End of a fixed rate deal: Like any homeowner, when your fixed rate or tracker deal comes to an end, you risk moving onto your lender's standard variable rate, which is almost always more expensive. Remortgaging to a new deal can save you significant money each month.
Posting to a new location: If you are posted to a different part of the country or overseas, you may need to let your property while you are away. This could require a change from a residential mortgage to a consent-to-let or buy-to-let arrangement.
Leaving the forces: When you transition from military to civilian life, your income structure changes. Remortgaging before you leave, while you can demonstrate a stable military salary, can be advantageous.
Using the Forces Help to Buy scheme: If you initially bought your home with a Forces Help to Buy loan, remortgaging at the end of your initial deal is an opportunity to reassess your overall mortgage and repayment strategy.
Releasing equity: You may want to access funds for home improvements, debt consolidation, or to help a family member. Your property equity can be a valuable financial resource.
Whatever your reason, understanding how lenders view military applicants and what documentation you need will help you secure the best possible deal.
How Lenders View Military Income
One of the biggest advantages military personnel have when applying for a mortgage is the stability of their income. The armed forces offer a guaranteed salary, regular pay increases, and a pension that is widely regarded as one of the best employer schemes in the country.
Most lenders will consider the following elements of military pay when assessing affordability:
- Basic salary -- your core military pay, which is considered highly reliable income
- X-Factor supplement -- the additional payment made to compensate for the unique conditions of military service, usually accepted as regular income
- Longer Separation Allowance (LSA) -- some lenders will include this in their affordability assessment if it is received regularly
- Operational allowances -- payments received during deployments may be considered by some lenders, though not all
- Specialist pay -- additional payments for skills such as flying pay, diving pay or linguistic qualifications
Lenders vary in which allowances they include in their calculations. A broker who specialises in military mortgages will know which lenders take the most generous view of your total income package, potentially allowing you to borrow more.
Your military pension also strengthens your application. The Armed Forces Pension Scheme is a defined benefit scheme, which means you are guaranteed a specific income in retirement. Lenders view this very favourably when assessing long-term affordability.
Forces Help to Buy and Remortgaging
The Forces Help to Buy (FHTB) scheme has helped thousands of military personnel get onto the property ladder since its introduction in 2014. Under the scheme, eligible service personnel can borrow up to 50% of their annual salary, interest-free, to put towards a deposit or other property purchase costs.

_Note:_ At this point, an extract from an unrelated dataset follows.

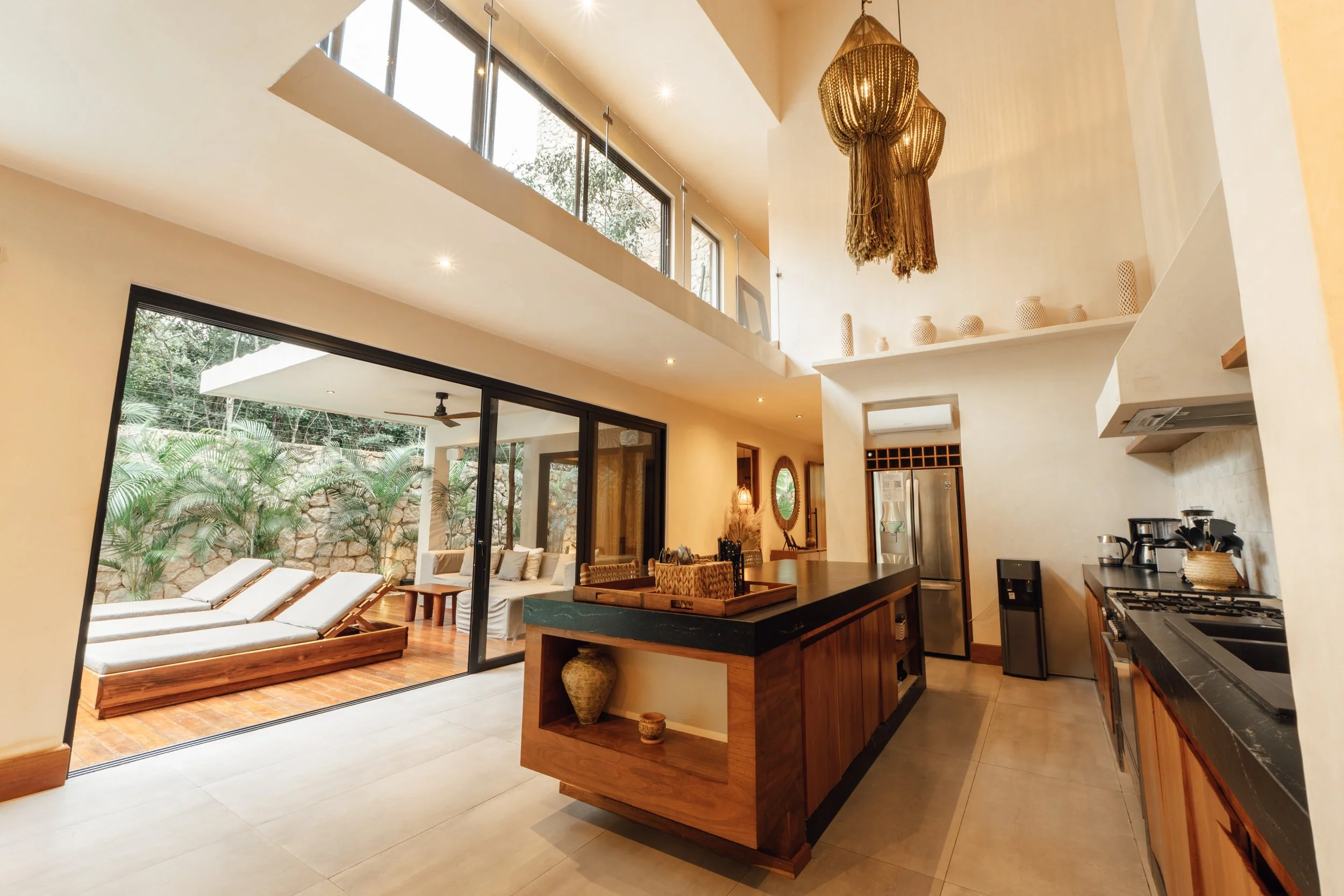 Villa Meka 2025-14.jpg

If you used FHTB when you first bought your property, there are specific considerations when it comes to remortgaging.
Repaying the FHTB loan: The loan is interest-free for the first year, and then you repay it over the following nine years through deductions from your salary. When remortgaging, your lender will need to know about this ongoing commitment as it affects your affordability. Some borrowers choose to repay the FHTB loan early from equity released through the remortgage, though this needs to be weighed against the cost of additional borrowing.
Increased equity: If your property has increased in value since you bought it, you may have built up significant equity. Combined with the capital repayments you have made on your mortgage, this could give you access to much better loan-to-value ratios and lower interest rates when you remortgage.
Changing lender: There is no restriction on remortgaging to a different lender if you have an FHTB loan. The FHTB loan remains a separate commitment repaid through your salary regardless of your mortgage arrangements.
If you are approaching the end of your initial mortgage deal and you used FHTB, it is a good time to speak with a mortgage adviser about your options. You may find that you can significantly reduce your monthly payments by switching to a more competitive rate.